Problem to solve ->
Wherever "para" occurs in the entries, copy the line that holds it.

Records to use ->
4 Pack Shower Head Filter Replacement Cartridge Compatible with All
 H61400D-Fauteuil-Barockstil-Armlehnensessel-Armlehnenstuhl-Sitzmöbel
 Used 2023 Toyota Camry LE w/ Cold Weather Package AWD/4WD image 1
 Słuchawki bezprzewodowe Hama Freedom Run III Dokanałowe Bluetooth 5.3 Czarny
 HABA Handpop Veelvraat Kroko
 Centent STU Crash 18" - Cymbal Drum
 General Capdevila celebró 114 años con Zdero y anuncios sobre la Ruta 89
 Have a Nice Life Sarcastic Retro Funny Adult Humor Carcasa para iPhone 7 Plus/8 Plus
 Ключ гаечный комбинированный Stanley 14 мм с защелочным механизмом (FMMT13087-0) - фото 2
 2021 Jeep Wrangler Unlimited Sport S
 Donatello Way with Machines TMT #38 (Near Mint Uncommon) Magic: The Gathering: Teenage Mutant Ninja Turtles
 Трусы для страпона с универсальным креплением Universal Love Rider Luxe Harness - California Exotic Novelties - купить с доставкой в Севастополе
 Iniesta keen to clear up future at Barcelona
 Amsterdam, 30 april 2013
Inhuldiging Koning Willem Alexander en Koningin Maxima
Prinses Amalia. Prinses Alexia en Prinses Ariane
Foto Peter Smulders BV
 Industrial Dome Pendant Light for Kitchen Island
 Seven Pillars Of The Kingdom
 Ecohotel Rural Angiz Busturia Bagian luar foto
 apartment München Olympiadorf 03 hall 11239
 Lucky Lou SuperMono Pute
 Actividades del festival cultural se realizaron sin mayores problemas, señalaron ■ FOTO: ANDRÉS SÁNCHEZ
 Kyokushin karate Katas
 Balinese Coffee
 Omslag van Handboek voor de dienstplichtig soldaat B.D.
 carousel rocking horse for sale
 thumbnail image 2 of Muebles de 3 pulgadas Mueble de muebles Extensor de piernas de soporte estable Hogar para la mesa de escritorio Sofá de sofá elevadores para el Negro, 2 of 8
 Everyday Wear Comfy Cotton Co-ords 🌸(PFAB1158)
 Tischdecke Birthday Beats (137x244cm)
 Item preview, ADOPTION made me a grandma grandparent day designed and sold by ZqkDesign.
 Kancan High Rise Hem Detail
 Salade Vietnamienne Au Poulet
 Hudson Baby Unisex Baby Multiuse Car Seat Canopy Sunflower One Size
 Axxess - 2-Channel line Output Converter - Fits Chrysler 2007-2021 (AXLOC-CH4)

Result ->
 Have a Nice Life Sarcastic Retro Funny Adult Humor Carcasa para iPhone 7 Plus/8 Plus
 thumbnail image 2 of Muebles de 3 pulgadas Mueble de muebles Extensor de piernas de soporte estable Hogar para la mesa de escritorio Sofá de sofá elevadores para el Negro, 2 of 8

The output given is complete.